_WORK REQUIRED_
Since the pictures are not wanted, copy only the text of every record exactly.

_Dataset entries_

______

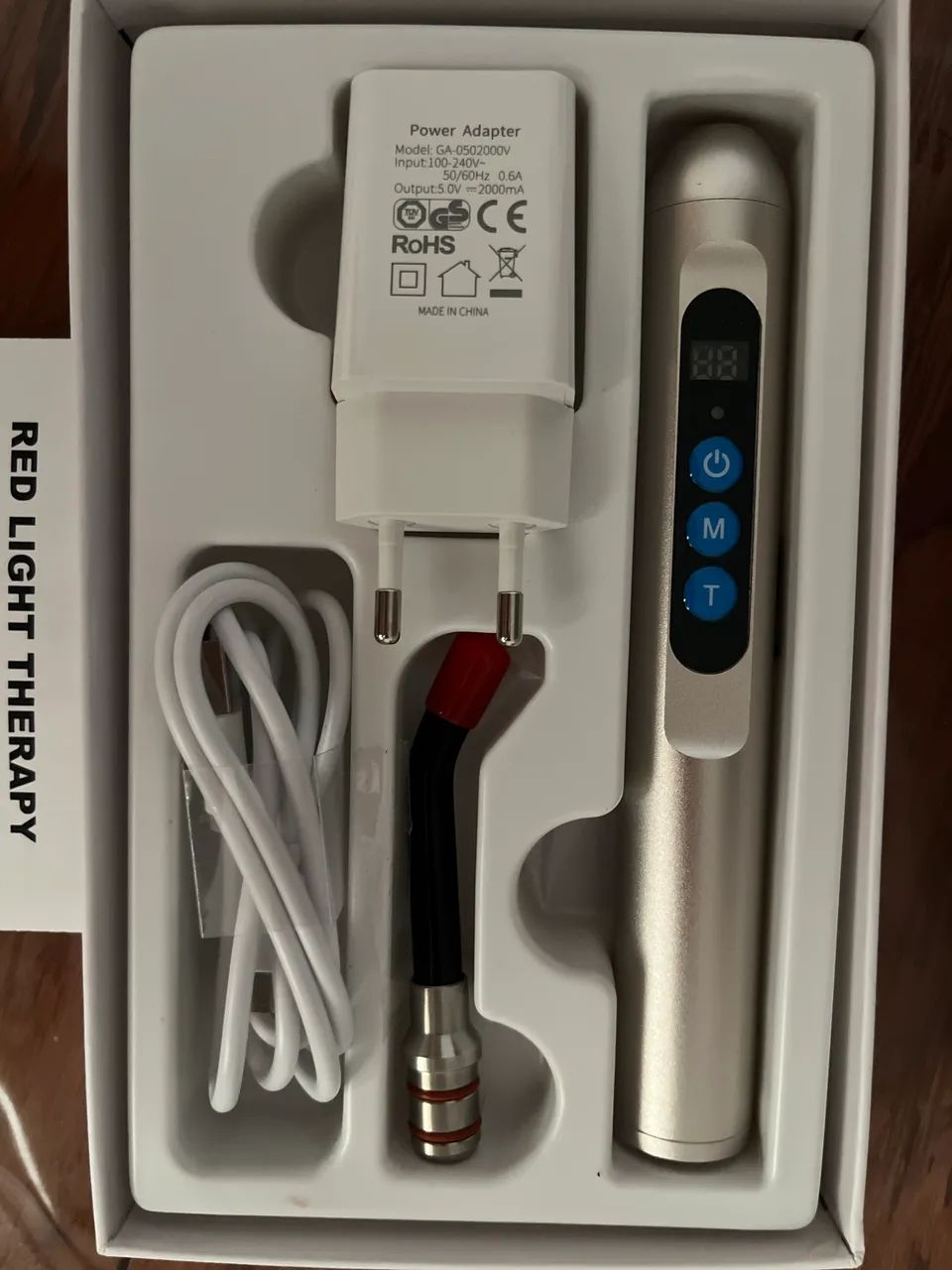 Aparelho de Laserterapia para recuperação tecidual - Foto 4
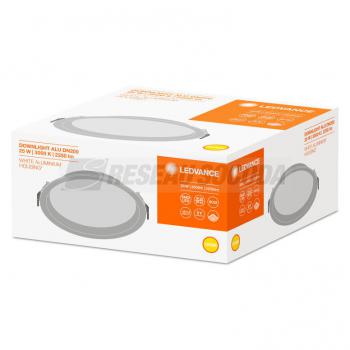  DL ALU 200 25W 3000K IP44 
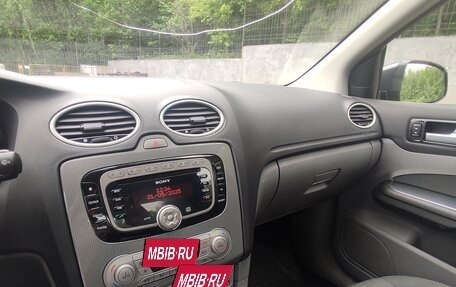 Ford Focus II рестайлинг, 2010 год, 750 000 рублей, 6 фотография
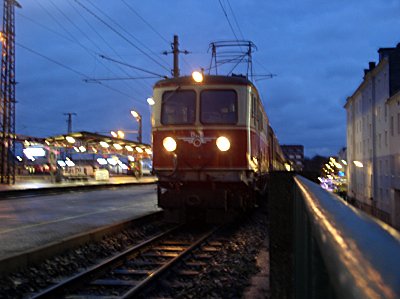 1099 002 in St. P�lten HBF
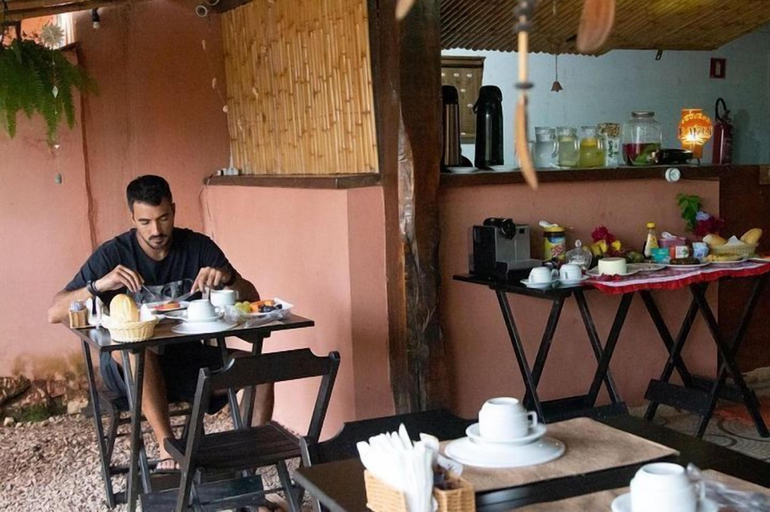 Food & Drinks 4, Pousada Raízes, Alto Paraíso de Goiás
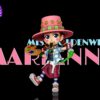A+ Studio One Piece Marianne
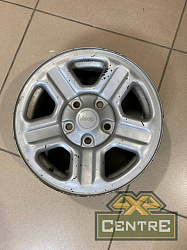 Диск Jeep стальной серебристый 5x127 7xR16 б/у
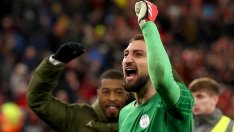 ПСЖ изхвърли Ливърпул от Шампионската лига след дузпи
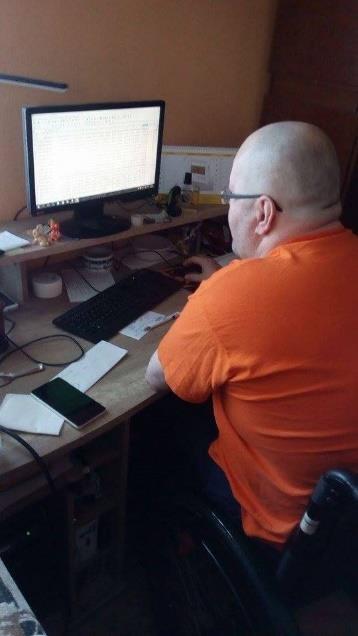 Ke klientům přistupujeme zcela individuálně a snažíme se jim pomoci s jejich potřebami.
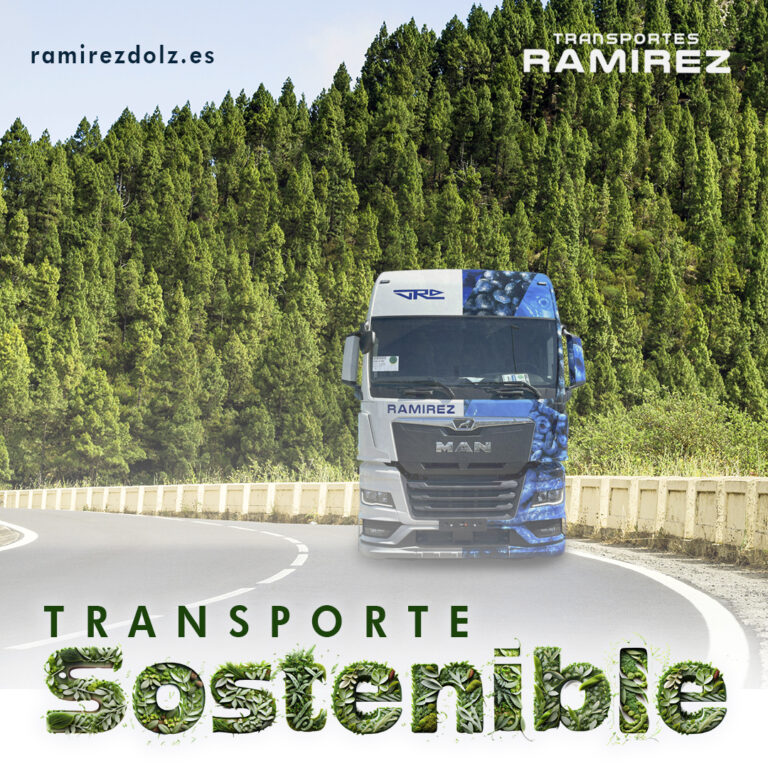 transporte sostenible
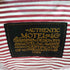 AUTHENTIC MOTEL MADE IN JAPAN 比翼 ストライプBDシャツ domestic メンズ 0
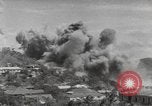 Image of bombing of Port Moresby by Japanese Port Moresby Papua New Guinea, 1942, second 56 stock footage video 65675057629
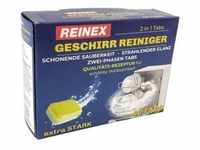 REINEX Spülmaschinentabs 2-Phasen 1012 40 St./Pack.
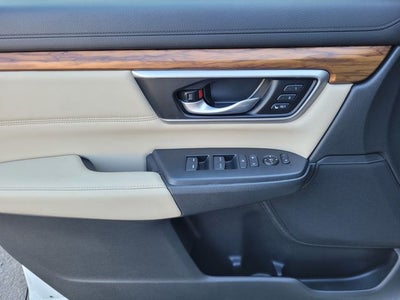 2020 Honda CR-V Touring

______

_TASK RESPONSE_
 Aparelho de Laserterapia para recuperação tecidual - Foto 4
  DL ALU 200 25W 3000K IP44 
 Ford Focus II рестайлинг, 2010 год, 750 000 рублей, 6 фотография
 1099 002 in St. P�lten HBF
 Food & Drinks 4, Pousada Raízes, Alto Paraíso de Goiás
A+ Studio One Piece Marianne
 Диск Jeep стальной серебристый 5x127 7xR16 б/у
 ПСЖ изхвърли Ливърпул от Шампионската лига след дузпи
 Ke klientům přistupujeme zcela individuálně a snažíme se jim pomoci s jejich potřebami.
 transporte sostenible
 AUTHENTIC MOTEL MADE IN JAPAN 比翼 ストライプBDシャツ domestic メンズ 0
 Image of bombing of Port Moresby by Japanese Port Moresby Papua New Guinea, 1942, second 56 stock footage video 65675057629
 REINEX Spülmaschinentabs 2-Phasen 1012 40 St./Pack.
 2020 Honda CR-V Touring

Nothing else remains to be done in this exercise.